CRC-Aided List Decoding of Convolutional Codes in the Short Blocklength Regime
Abstract
We consider the concatenation of a convolutional code (CC) with an optimized cyclic redundancy check (CRC) code as a promising paradigm for good short blocklength codes. The resulting CRC-aided convolutional code naturally permits the use of serial list Viterbi decoding (SLVD) to achieve maximum-likelihood decoding. The convolutional encoder of interest is of rate-1/ω and the convolutional code is either zero-terminated (ZT) or tail-biting (TB). The resulting CRC-aided convolutional code is called a CRC-ZTCC or a CRC-TBCC. To design a good CRC-aided convolutional code, we propose the distance-spectrum optimal (DSO) CRC polynomial. A DSO CRC search algorithm for the TBCC is provided.
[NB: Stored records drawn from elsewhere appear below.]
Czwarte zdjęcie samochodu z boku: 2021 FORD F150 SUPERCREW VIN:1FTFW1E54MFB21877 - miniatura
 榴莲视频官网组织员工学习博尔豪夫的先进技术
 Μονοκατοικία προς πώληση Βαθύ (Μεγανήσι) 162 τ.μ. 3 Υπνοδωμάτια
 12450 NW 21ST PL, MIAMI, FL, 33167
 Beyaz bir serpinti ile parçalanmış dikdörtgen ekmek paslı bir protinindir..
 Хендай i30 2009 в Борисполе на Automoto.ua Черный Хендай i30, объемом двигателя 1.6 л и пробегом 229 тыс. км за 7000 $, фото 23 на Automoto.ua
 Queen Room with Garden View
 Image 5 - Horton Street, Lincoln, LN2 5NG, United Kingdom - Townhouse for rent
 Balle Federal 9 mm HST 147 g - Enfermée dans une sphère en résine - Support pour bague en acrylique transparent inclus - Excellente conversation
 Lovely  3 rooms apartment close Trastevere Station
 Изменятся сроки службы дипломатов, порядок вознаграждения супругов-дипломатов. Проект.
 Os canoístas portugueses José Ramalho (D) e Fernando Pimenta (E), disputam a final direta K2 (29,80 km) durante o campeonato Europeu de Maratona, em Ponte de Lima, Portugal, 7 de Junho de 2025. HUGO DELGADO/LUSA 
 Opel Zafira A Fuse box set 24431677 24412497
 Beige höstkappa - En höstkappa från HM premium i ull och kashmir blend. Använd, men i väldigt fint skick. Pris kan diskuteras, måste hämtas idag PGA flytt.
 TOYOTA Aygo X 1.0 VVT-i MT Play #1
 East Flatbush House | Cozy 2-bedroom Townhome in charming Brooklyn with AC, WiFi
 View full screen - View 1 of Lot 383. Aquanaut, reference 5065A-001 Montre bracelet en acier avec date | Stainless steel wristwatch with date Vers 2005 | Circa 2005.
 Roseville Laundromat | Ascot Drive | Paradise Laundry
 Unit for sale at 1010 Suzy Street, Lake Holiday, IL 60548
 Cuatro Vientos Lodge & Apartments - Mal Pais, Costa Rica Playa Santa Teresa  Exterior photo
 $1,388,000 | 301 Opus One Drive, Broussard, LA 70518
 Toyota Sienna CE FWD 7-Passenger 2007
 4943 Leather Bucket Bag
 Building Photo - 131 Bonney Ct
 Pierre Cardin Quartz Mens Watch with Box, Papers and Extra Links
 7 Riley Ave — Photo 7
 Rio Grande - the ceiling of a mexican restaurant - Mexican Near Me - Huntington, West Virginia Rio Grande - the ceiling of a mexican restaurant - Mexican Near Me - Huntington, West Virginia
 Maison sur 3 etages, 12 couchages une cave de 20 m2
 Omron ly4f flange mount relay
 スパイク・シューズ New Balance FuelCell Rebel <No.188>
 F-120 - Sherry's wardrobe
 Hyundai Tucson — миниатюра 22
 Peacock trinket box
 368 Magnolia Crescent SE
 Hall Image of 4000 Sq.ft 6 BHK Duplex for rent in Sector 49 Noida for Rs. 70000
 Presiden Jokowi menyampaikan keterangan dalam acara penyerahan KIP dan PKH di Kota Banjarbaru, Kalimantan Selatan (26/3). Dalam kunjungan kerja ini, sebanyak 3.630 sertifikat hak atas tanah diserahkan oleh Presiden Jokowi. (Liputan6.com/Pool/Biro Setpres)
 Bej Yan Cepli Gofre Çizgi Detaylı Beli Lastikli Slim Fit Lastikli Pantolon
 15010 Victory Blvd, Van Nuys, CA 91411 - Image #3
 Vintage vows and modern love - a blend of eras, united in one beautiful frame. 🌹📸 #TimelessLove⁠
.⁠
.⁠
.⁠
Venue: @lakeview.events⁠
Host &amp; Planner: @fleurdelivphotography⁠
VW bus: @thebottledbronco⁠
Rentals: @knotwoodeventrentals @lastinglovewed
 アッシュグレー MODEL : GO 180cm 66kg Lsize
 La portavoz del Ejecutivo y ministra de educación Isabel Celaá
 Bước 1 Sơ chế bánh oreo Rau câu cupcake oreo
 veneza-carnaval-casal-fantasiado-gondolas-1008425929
Our analysis reveals that the complexity of SLVD is governed by the expected list rank which converges to 1 at high SNR. This allows a good performance to be achieved with a small increase in complexity. In this paper, we focus on transmitting 64 information bits with a rate-1/2 convolutional encoder. For a target error probability 10-4, simulations show that the best CRC-ZTCC approaches the random-coding union (RCU) bound within 0.4 dB. Several CRC-TBCCs outperform the RCU bound at moderate SNR values.